I love Spotify wrapped! We’ve definitely talked about it in our own reporting and how people interact with the hiring data they see. It’s so shareable and in a weird way, helps you identify your year through such a unique lens, even though, of course it’s not unique ’cause millions of people use Spotify, but it’s still unique to you.

That’s it. Even though millions of people use the platform, people feel such a sense of ownership over their Wrapped, it tells a story for your life, doesn’t it? So my wrapped, eight years ago before I had 3 kids, would‘ve been totally different. It would’ve been filled with dubstep, cool music, BBC 6, new emerging artists. I was even working at timeout at one point when I was listening to all this all is cool stuff.

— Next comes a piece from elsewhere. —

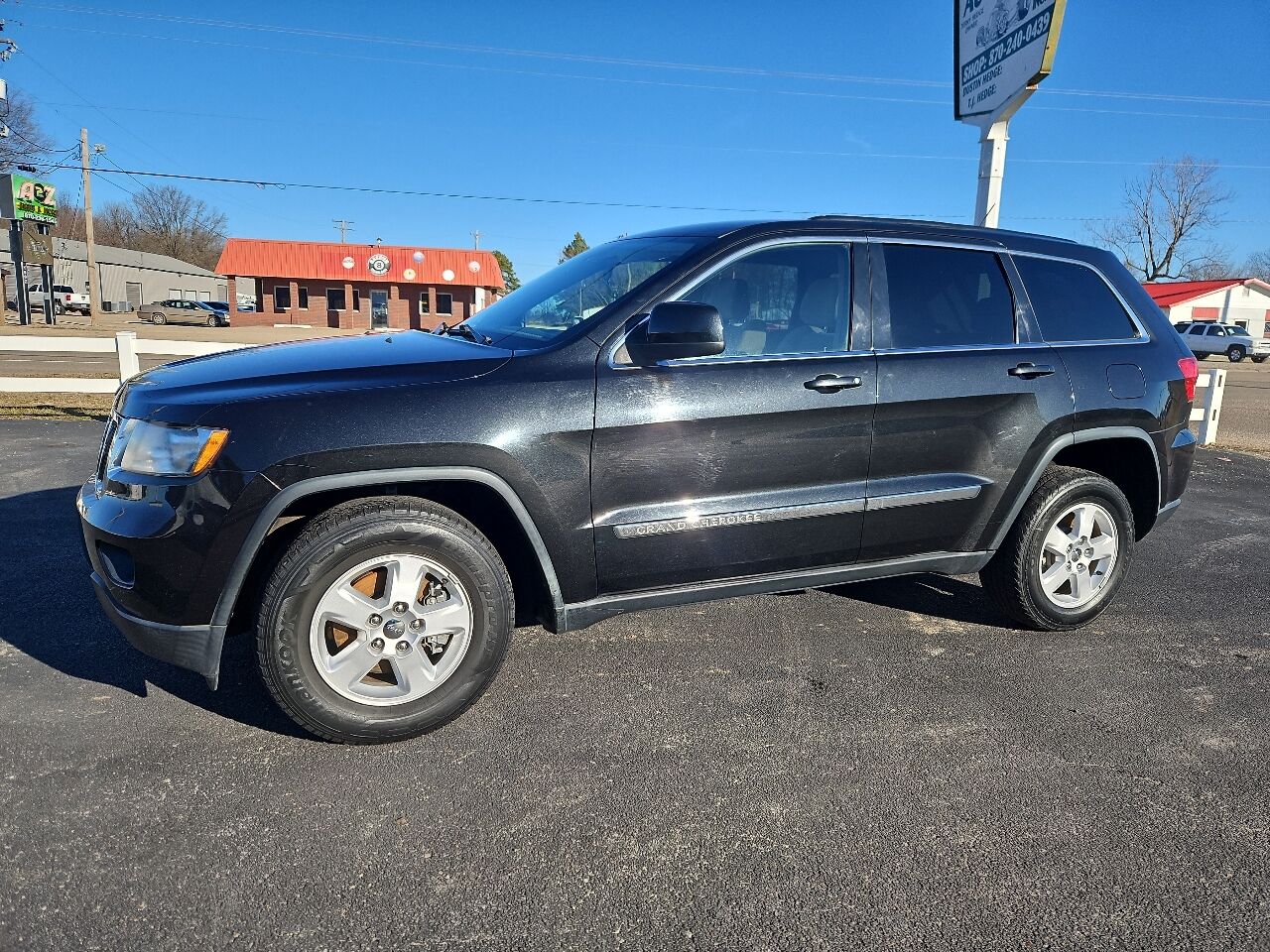 2012 JEEP Grand Cherokee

And now it’s the Encanto soundtrack. Ridiculous. My kids have totally taken over and I don’t have any time to discover anything new, but still it tells the story of my life, it’s great.

So true. Amazing. Okay. I have two last questions. Based off of what you just talked about, If GEC had to be a genre of music what would it be? What genre of music would it fit in?

Love that question! We would definitely be 80s, maybe some sort of 80s funk. I’d say something that you can rollerskate to with a neon headband. Me and my co-founder listen to a lot of 80s tunes and send 80s gifs to each other a lot. She’s a child of the 70s I’m a child of the 80s, so maybe like 1979 to 1982 type vibe.

Amazing. I love the idea of someone in a neon headband skating around as the mascot for GEC. Lastly, you work in the DEI space and as we think of this topic of finding needles in haystacks, or finding a product solution, or finding the right people to work on it, what hope do you have for the future of work in terms of DEI?

Yes, I’ve got two hopes. The first hope is that organisations start focusing on outcomes instead of how many hours people are spending on reaching those outcomes or where they are whilst they’re doing it. At the GEC we don’t care where our employees work, what time they work. We work on outcomes and if customers are happy, and things are going well, who cares if they do it from a beach in Barbados? I don’t care if it’s at three o’clock in the morning, if that’s when you want to work, great.

And the second hope is that people start taking a chance on people more. Because I think we are still relying too much on our frames of reference when we are bringing people into organisations — when we’re choosing who to work with.

Great things have happened to me when I’ve taken a chance on someone when I’ve been totally unsure, but there’s something about them that I thought ‘I think that you can do this’ and I wanna see you do it, and I want to be there when you do it.

Everyone I’ve taken a chance on even though it’s quite a leap into the unknown, I’ve always been pleasantly surprised. So I would say every single time you get the option to give someone the benefit of the doubt, choose that one, because you’re not only helping that person, you’re busting your own biases. Every single time you do that, You’re reprogramming your biases. You’ll see successful results from that kind of person and you’ll do it again and again.